Our first scheduled stop was with Anthony Radetic. Anthony is currently a professional racer for Sea-Doo, after time in the Army as a Green Beret. An accident while attending flight school left him without the use of his legs. His racing career takes him all over the world, from his home in Alabama to Portugal and India. He’s still a relative newcomer to the sport, only having started within the past 7 years.
When we arrived in Florida,we had no idea what we had gotten ourselves into. Neither of us had any experience in motorsports at all. The only thing I knew about engines was how to change my oil. We immediately jumped in to help unload the trailer just enough to create a sleeping space on the floor, which was highly preferred to the front seat of my RAV4. Then we slapped down some backpacking mattresses and went to bed before a long day of racing.
Morning came early. We unloaded the ski out of the trailer with a 1,000cc ATV (this was the first time I'd ever driven an ATV). We surprisingly managed to get all the equipment out onto the beach without crashing into any cars or pedestrians. The amateur races were before Anthony's, and the shoreline was crawling with fans and other racers. A manatee in the water on the island actually delayed the race indefinitely. When it was finally time to get Anthony in the water for his race, it was a mad dash to get him set, followed by 30 minutes of racers zipping around the water at 70mph. Anthony’s cousin Eddie livestreamed the race and filled me in on the meanings of the different flags race officials waved. With the length of the course and the speed of the riders, it’s nearly impossible to determine who's in what place. Anthony found out that evening when the results were posted, that he'd achieved his goal.
The next day was even more rushed with two races in one day. Although it was slightly less hot, the races were nearly back to back, leaving little time for him to refuel and recharge, or even cool off after he peeled back the sweltering wetsuit and protective gear that riders wear. After trying to bring his body temperature down and refueling with some fruit, it was straight back on the water. Anthony found out during dinner that he had earned a spot in the top 10 for the weekend, which drew our time in St. Petersburg Beach to a close.

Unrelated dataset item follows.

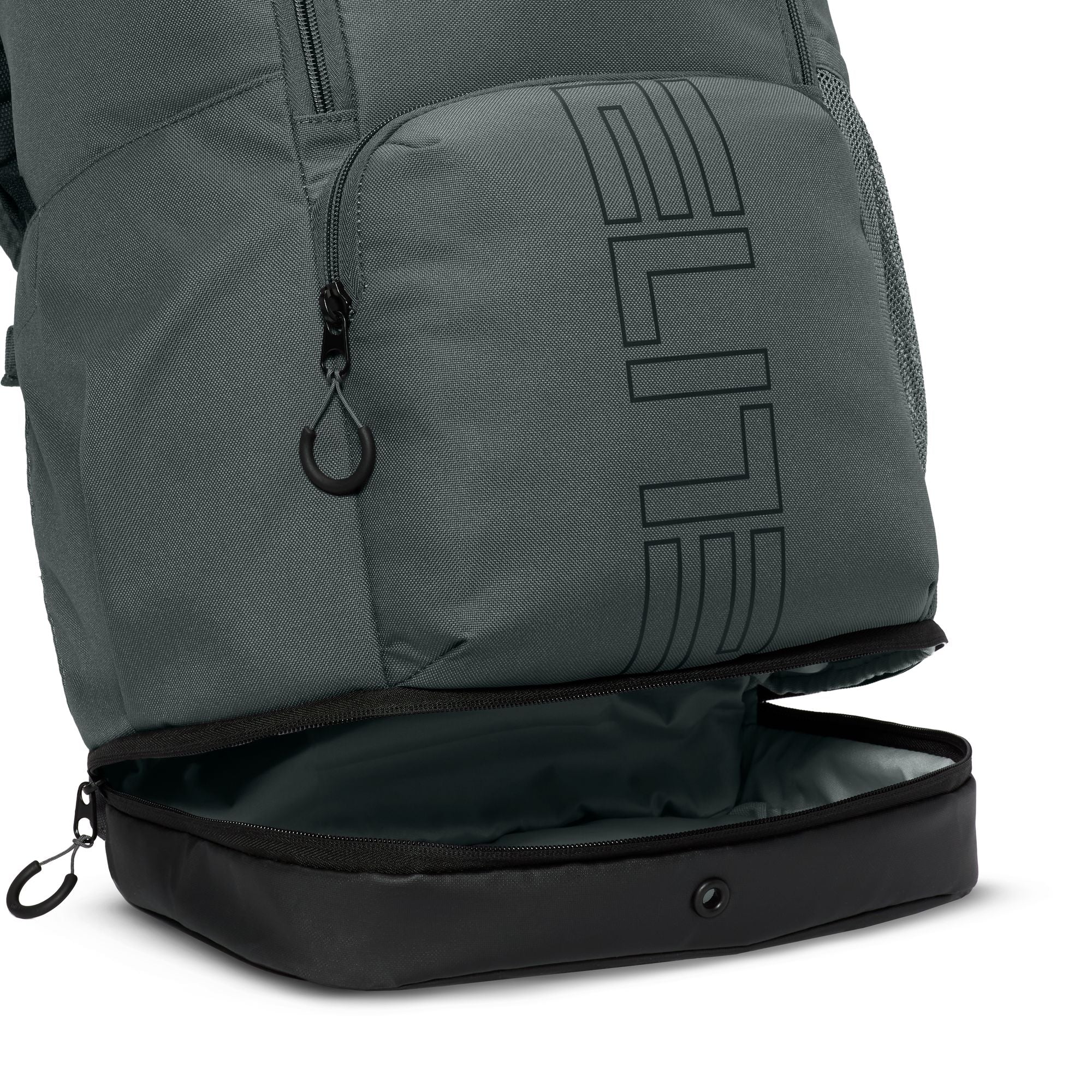 Varsity Elite 32L Backpack Grey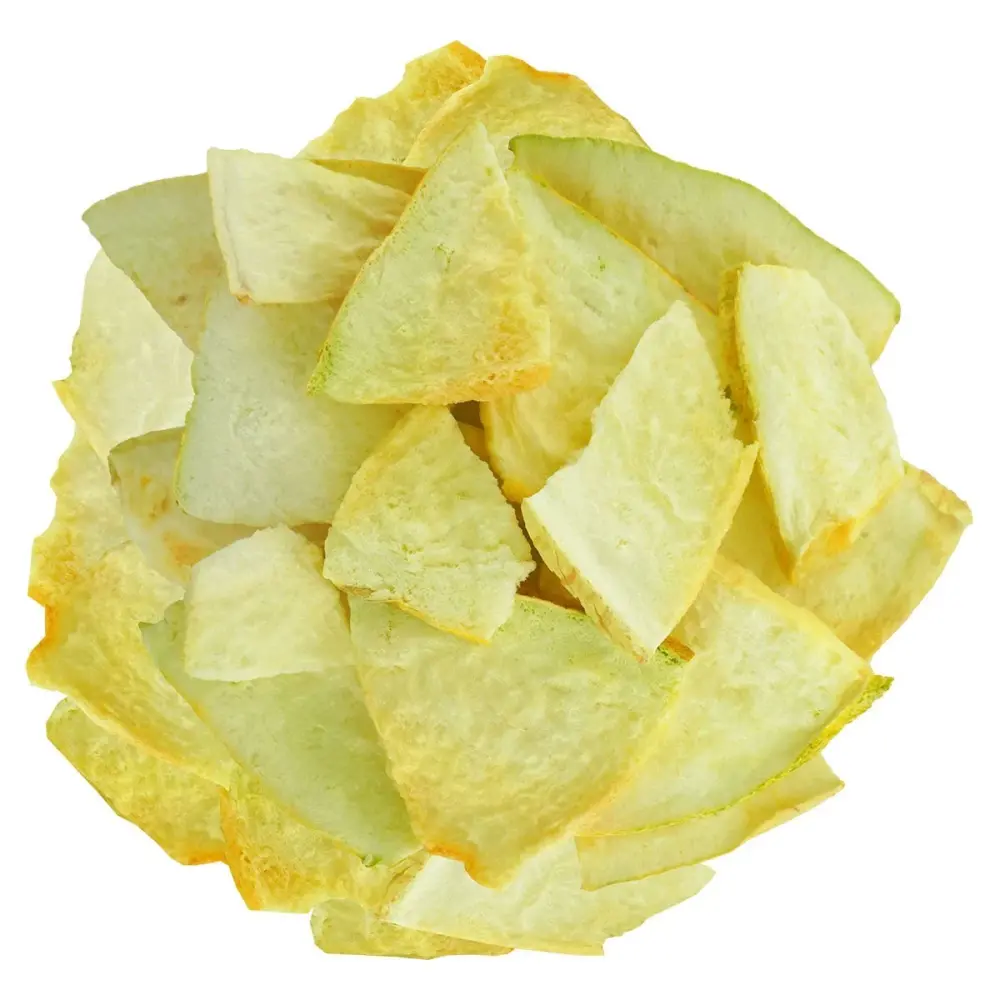 Dokuru Melon Dried Fruit Chips - 15g - 2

After leaving St. Pete, we were on the lookout for some activities to keep us going. While we had been busy, we hadn’t really been working to keep up any cardio capability. Much to our surprise, we found some mountain bike trails sans the gear-grinding sand. A fairly easy 3.5 mile loop turned into a 5 mile out and back when we reached a deeply flooded portion of the trail. The water was far too dark to see what was under the surface, even if you could see the Cottonmouths swimming across the top. However, it was a nice way to prep for what we had in store the next day.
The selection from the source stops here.